Friday, August 10, 2012

End of The Week

It was cold again. The mornings have been cold all week. I’ve been wearing my trusty (cheap) black leather jacket. I wonder if it, actually, passes muster, or if people are secretly laughing behind their hands at me? No, it does. I'm being stupid, just because I got it cheap.

As I walk down, what would be called The Paris end of Fitzroy by a real estate agent tomorrow, I contemplate a casual wardrobe for a casual job that I might have. Ha, ha, anything, straws, clutching, for inspiration to go back into the lions den and get a permanent job.

The garden beds in The Fitzroy Gardens had just been top dressed with soil, or mulch, and they all looked so perfect as I walk passed. So much so that, not only do they catch my eye, they make me stop and look, as I head down the gentle incline from Albert Street. I took some photos, cursing yet again that my camera phone isn’t better.



I bought a pineapple muffin at Collins Place as I walked down Collins Street to work. I couldn’t help it, I knew I shouldn’t. The second morning in a row, too, bad Christian. Suddenly, I wanted it and I was navigating, as if despite myself in the direction of the muffin shop.

I was on time today. I thought I’d better. Smile. Blush. It is the least I could do. Jesus, I’ve got to worry about those things, I can’t be slack. Falling back into 9 to 5 is as easy as falling off a proverbial log. But, I’ve just got to remember that the bean counters are big on their 5 minutes. It is important, like something depends on it. Apparently, it means you are committed, or something? I dunno? I was never that good at those details. But, apparently, the world runs on them, that detail, tick, tick, tick.

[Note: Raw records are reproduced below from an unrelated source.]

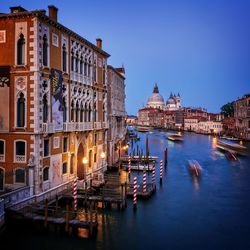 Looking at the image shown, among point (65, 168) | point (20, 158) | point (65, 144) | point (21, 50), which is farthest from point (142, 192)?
point (21, 50)

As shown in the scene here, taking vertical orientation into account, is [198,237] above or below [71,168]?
below

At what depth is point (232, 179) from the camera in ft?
92.4

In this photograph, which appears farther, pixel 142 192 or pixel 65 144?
pixel 142 192

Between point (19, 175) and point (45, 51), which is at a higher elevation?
point (45, 51)

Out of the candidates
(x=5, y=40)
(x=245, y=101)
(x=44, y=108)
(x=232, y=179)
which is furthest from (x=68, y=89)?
(x=245, y=101)

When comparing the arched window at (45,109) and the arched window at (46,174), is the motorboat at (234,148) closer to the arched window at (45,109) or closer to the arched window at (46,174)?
the arched window at (46,174)

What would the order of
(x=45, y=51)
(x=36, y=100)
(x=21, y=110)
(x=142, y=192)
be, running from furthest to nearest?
(x=142, y=192) < (x=45, y=51) < (x=21, y=110) < (x=36, y=100)

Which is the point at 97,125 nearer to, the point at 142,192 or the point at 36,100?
the point at 142,192

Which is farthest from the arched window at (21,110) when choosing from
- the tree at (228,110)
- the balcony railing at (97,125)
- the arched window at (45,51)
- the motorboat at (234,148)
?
the tree at (228,110)

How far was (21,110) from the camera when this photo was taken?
15914 millimetres

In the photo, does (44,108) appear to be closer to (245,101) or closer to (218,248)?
(218,248)

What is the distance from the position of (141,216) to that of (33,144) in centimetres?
626

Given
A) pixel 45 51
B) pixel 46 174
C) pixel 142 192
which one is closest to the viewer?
pixel 45 51

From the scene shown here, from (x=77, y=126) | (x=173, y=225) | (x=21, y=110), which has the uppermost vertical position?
(x=21, y=110) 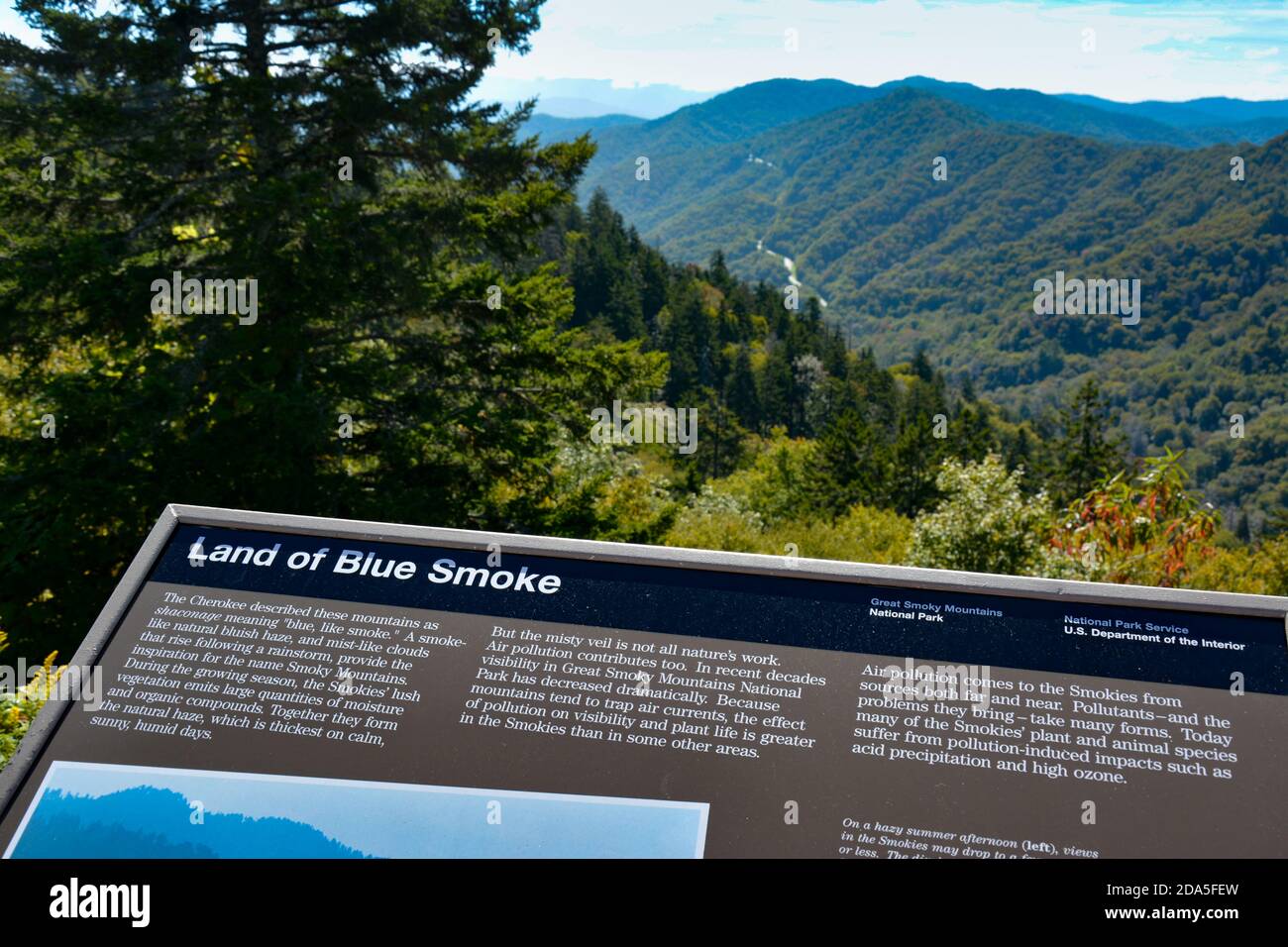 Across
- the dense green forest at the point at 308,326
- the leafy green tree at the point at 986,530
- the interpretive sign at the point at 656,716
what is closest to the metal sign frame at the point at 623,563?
the interpretive sign at the point at 656,716

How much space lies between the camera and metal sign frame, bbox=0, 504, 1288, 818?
2.72 metres

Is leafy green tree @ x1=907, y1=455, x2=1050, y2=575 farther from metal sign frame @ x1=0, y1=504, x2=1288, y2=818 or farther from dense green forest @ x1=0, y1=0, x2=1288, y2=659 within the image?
metal sign frame @ x1=0, y1=504, x2=1288, y2=818

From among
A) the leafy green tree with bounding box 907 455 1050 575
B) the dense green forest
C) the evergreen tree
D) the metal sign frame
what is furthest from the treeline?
the metal sign frame

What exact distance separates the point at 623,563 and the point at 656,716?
0.57 m

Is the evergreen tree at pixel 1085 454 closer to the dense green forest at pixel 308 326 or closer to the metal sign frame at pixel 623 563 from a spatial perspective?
the dense green forest at pixel 308 326

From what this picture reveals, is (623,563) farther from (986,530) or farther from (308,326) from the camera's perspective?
(308,326)

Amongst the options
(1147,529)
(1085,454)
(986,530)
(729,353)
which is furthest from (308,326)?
(729,353)

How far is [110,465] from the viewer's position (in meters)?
9.87

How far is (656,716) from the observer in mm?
2695

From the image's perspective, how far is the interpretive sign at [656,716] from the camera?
2447mm

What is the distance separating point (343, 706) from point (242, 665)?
0.40 m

You know, it is kind of nice to be back working. Casual clothes, walking distance, laid back company, what’s not to like. But it is more than that, it is gainful employment. It is something to do. It is people. It is new things. It is colour. It is movement. It is relief from the thought that I am wasting my life. Maybe, it s a cop out, a cave in, raising of the creative white flag… but, I’ll get back there, I promise, I promise no one more than I promise myself.

It is the end of the week. See. Easy. Friday. There you go.

I was meeting Sam after work, we were going to the Asian Grocer in Russell Street, to buy dinner. Shopping together on a Friday night. Cutesy, hh?

But (the girl I work with) had given my time sheet to the typically dopey HR chick to scan and email into (my company). She was dragging her feet and I had to wait for her to do it.

Tap, tap, tap.

How many times can I hurry her up, I think, after hurrying her up the first time? She sounded quite harassed when I pushed her. I stood in my office trying to look calm and relaxed?

Tap, tap, tap.

Your typical HR chick, all style and no substance, all talk and no action, all vacuous giggles and inclusiveness, but nothing underneath to back it up. All HR girls should be drowned at birth.

Finally she did it.

I had to push myself to say thank you. I dashed out the door.

I think it was raining as I headed down Russell Street to meet Sam. He had finished the shopping by the time I got there. He harrumphed. He had raised eyebrows and pursed lips.

“But, but, but…”

We walked home together.

It’s nice being back in the city though, meeting up with him after work again, like a real couple. Like a real couple. Smile. I’ll be suggesting we live together next.